Work to be completed: In the entries below, count the lines that hold the string "with" and state only that count.

The input:
•••••

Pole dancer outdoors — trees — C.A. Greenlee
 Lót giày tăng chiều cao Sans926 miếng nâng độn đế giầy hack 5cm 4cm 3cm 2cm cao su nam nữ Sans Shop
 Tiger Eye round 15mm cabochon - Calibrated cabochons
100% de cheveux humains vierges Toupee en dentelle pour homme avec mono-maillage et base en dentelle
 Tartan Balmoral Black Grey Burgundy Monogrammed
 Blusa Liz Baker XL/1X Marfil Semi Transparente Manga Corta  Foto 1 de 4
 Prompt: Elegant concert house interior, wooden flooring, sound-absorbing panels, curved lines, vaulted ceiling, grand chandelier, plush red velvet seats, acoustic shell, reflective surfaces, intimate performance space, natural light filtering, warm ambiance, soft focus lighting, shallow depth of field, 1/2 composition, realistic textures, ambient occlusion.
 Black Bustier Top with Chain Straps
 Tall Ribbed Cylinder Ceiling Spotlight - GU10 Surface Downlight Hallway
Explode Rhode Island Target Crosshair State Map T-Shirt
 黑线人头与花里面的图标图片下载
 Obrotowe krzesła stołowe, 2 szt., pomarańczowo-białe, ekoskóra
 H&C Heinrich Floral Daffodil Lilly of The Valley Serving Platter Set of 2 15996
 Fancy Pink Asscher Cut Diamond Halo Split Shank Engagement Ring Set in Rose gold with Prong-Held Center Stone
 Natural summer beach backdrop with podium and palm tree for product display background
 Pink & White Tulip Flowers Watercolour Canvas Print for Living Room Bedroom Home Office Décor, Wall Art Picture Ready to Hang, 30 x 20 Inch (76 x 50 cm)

•••••

Completed exercise: 3